SANDY — Vaughn Alvey doesn't measure his team's success in wins and losses.

It's a much more elusive measuring stick, and he uses it everyday — not just game days.

"I don't believe all the time the best teams win," he said. "Usually state championships are lost. It's the pressure. We want to make them (the players) as good as we can make them. We get in trouble any time we set a goal to win this or win that. That tends to become the focus instead of improving our game."

Ask any Alta softball player what her goal is for any game or tournament, and she'll say simple and quick, "get better."

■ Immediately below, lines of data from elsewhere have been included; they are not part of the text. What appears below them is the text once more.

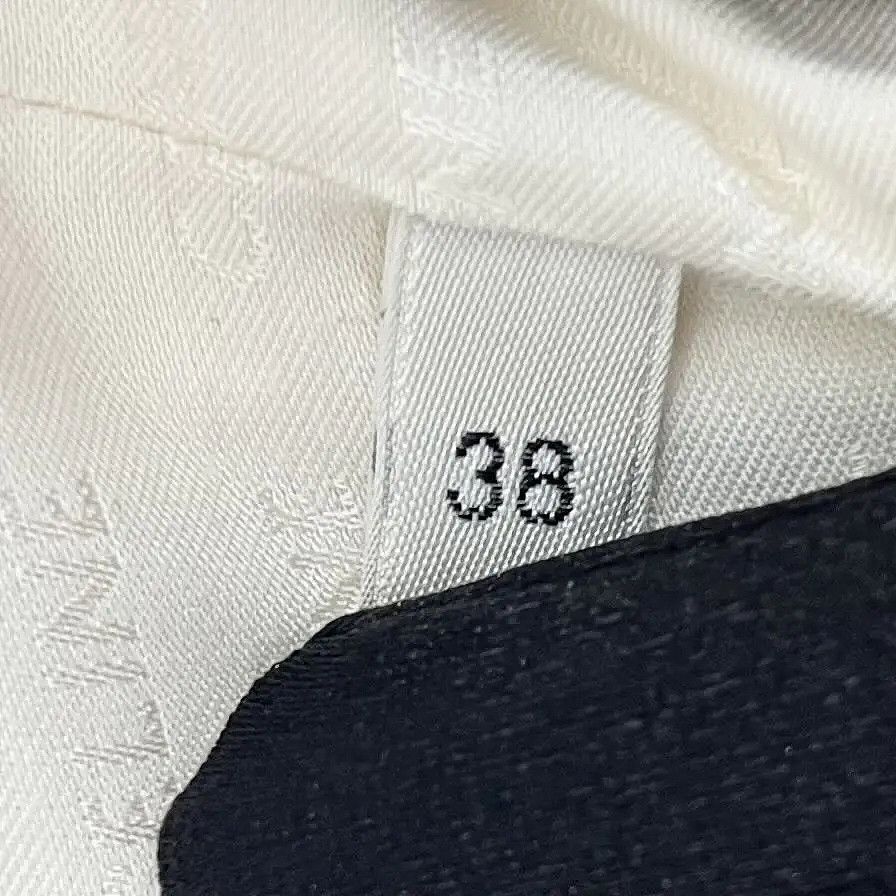 Celine Celine White Button Jacket Size 38 Size S / US 4 / IT 40 - 7 Thumbnail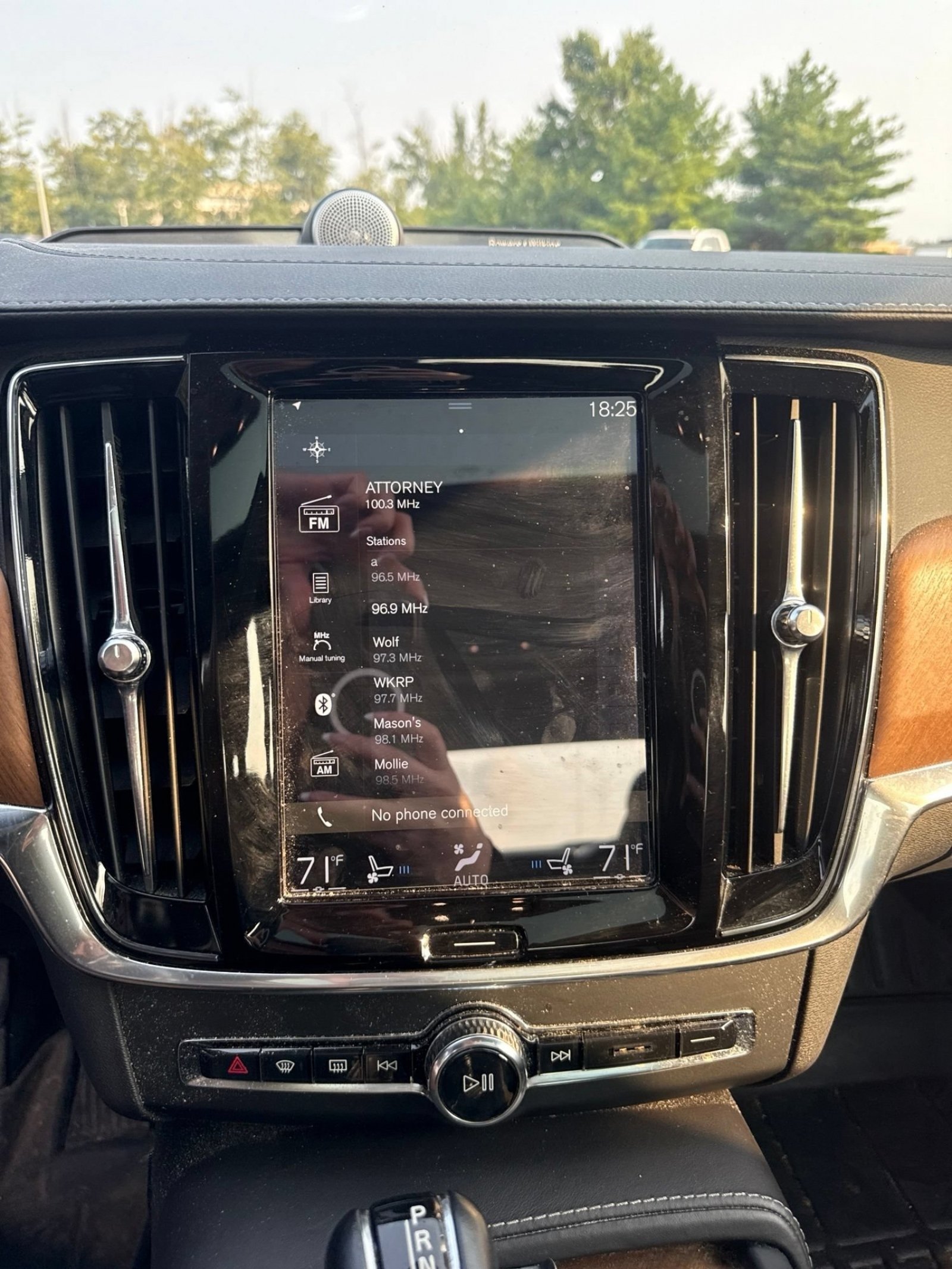 Used 2017 Volvo S90 T6 Inscription w/ Vision Package AWD/4WD image 4
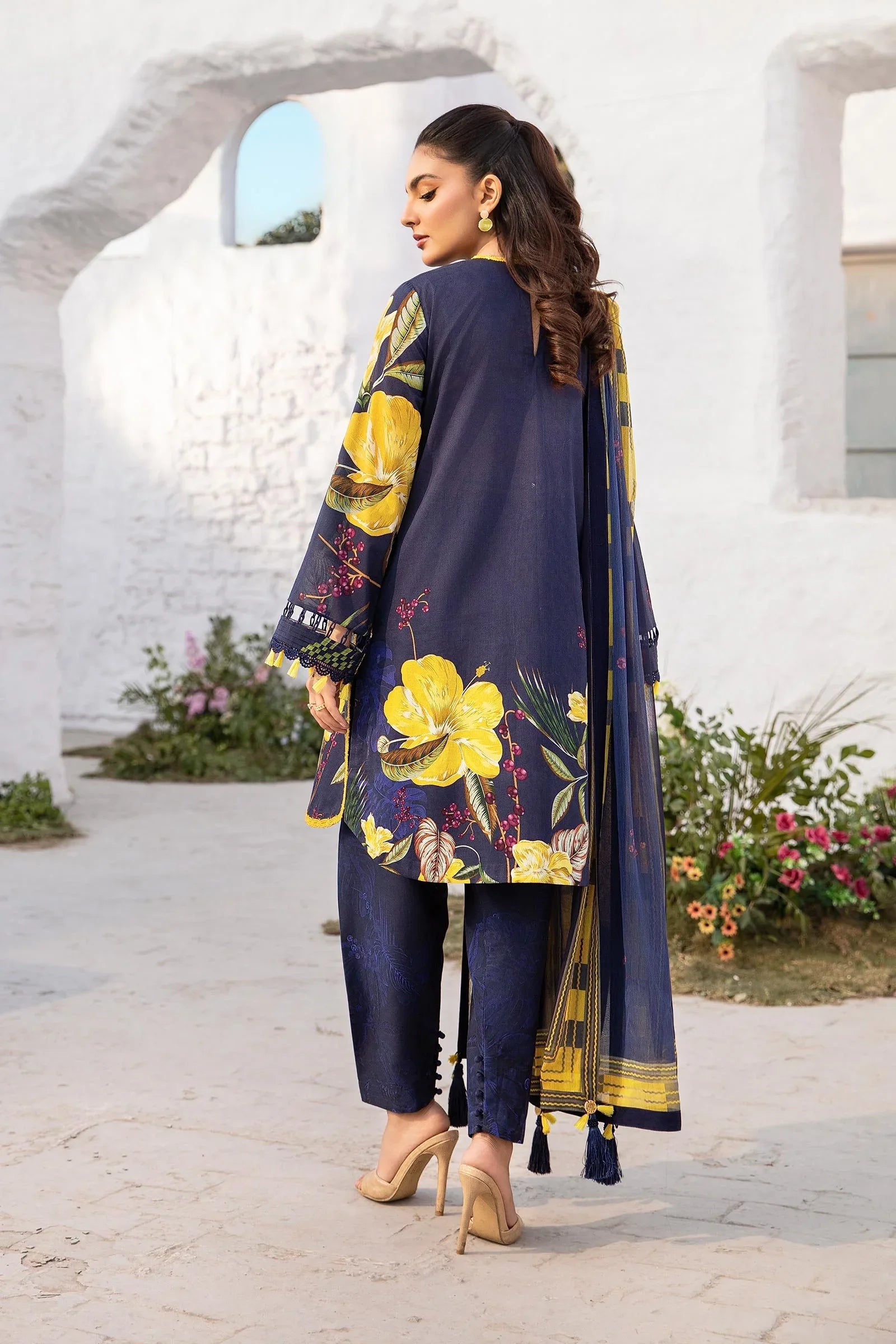 Maria B | M Basic Summer Lawn 25 | MB-CUS25-710B - Rang-e-Khaas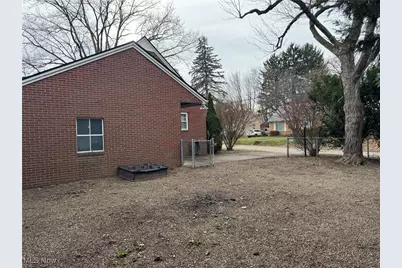 3053 Helen Place NW, Canton, OH 44708 - Photo 35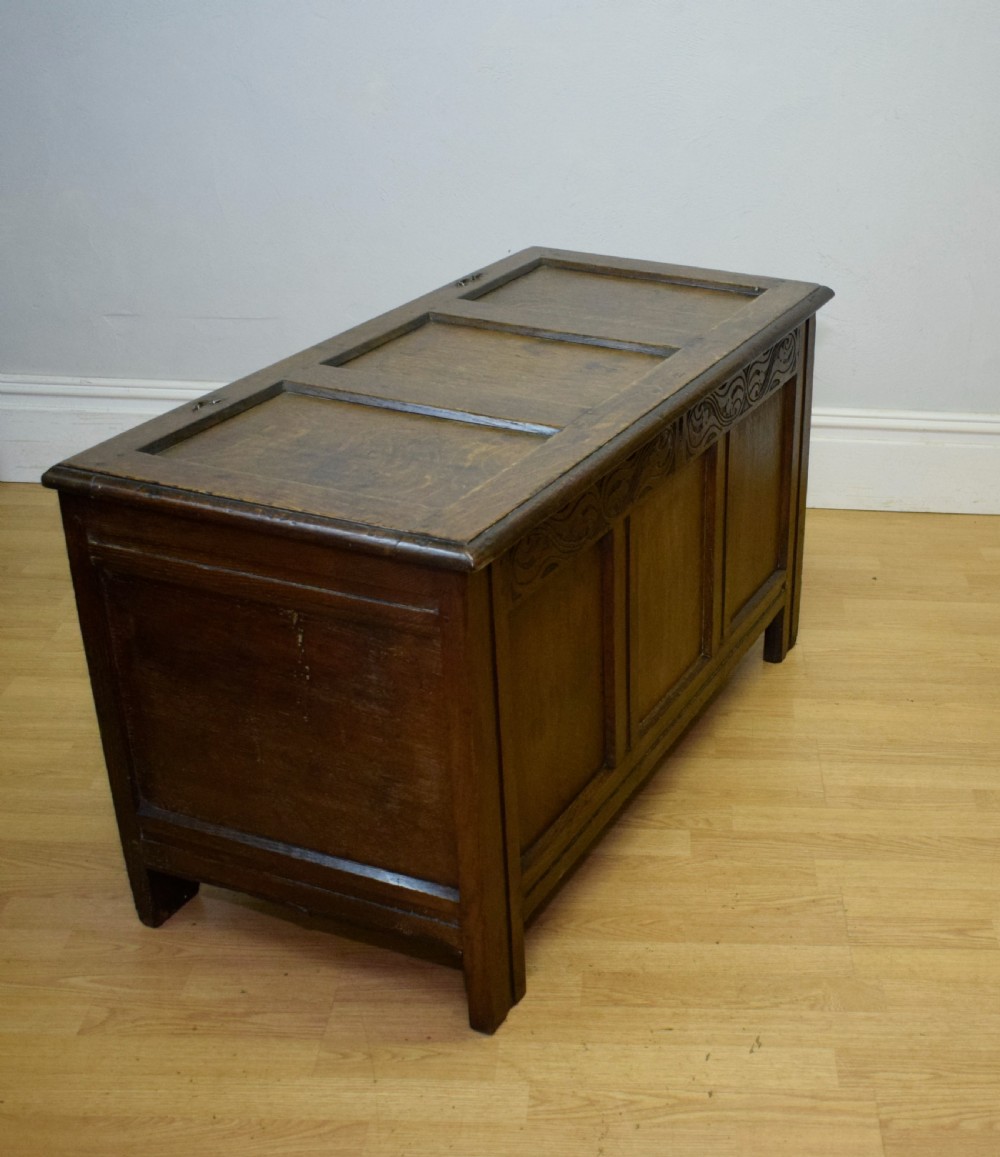 William & Mary Period Oak Coffer View XXIII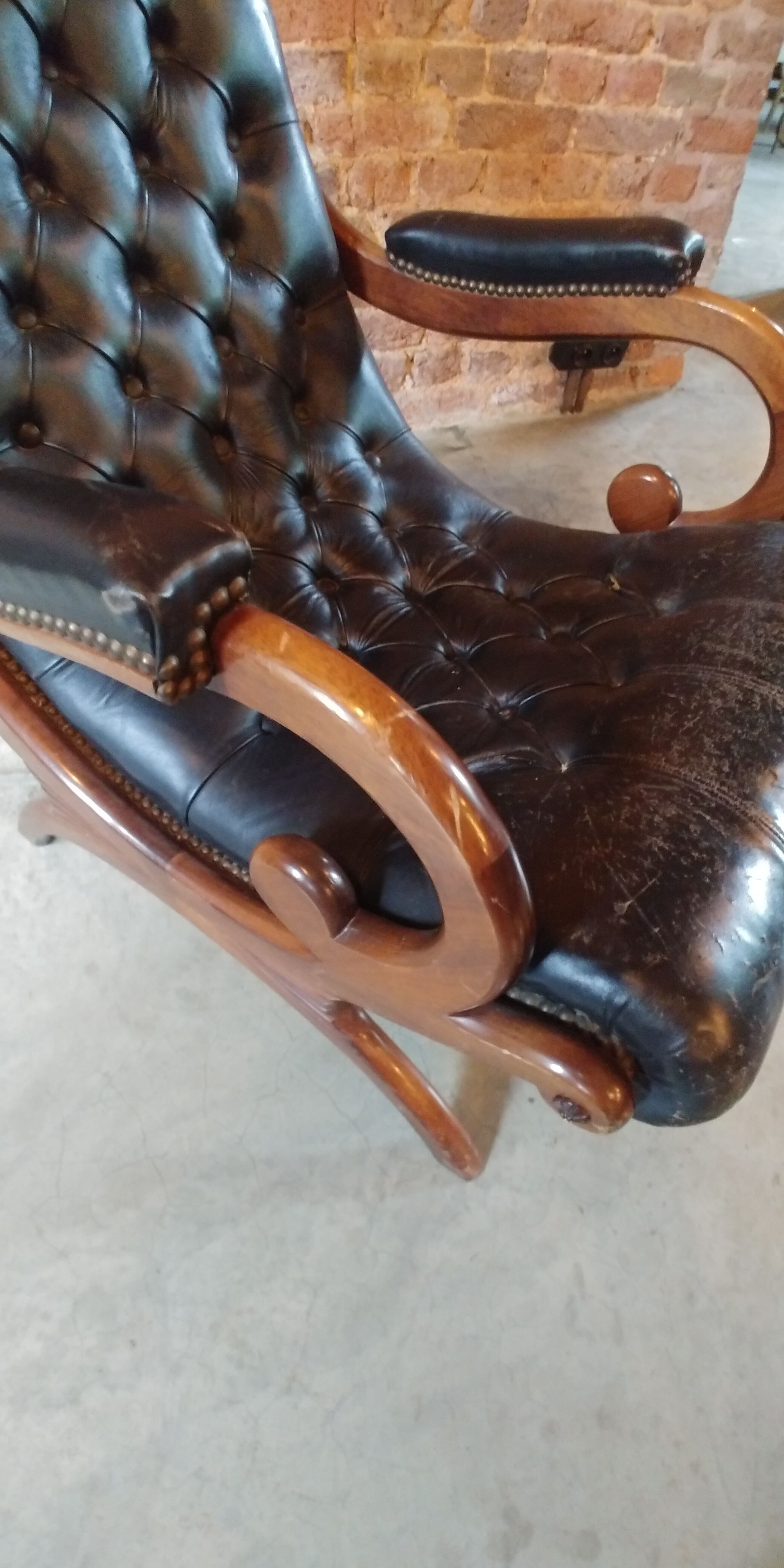 Chesterfield Victoria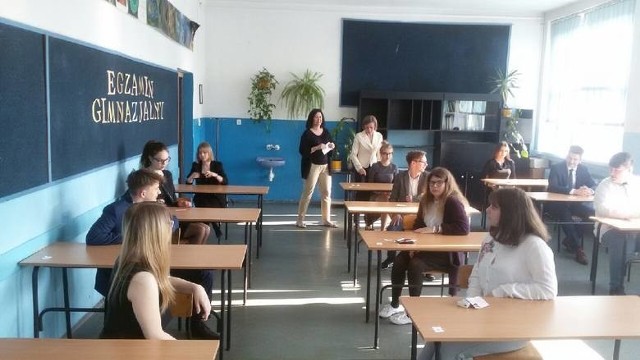 Uczniowie Gimnazjum nr 1 w SP 15 w Sosnowcu Niwce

Team mottoes, catch phrases and inspirational ideas fly around this team's practices just as often as softballs do. As Alvey watches his football helmet-wearing players run a concentration drill in the gymnasium due to the snow, he said it isn't having a winning team that makes him feel like he's accomplished something at the end of the season.

"If you're going to make me really fulfilled, it would be that all seven seniors get scholarships and go on to play with their education paid for," he said.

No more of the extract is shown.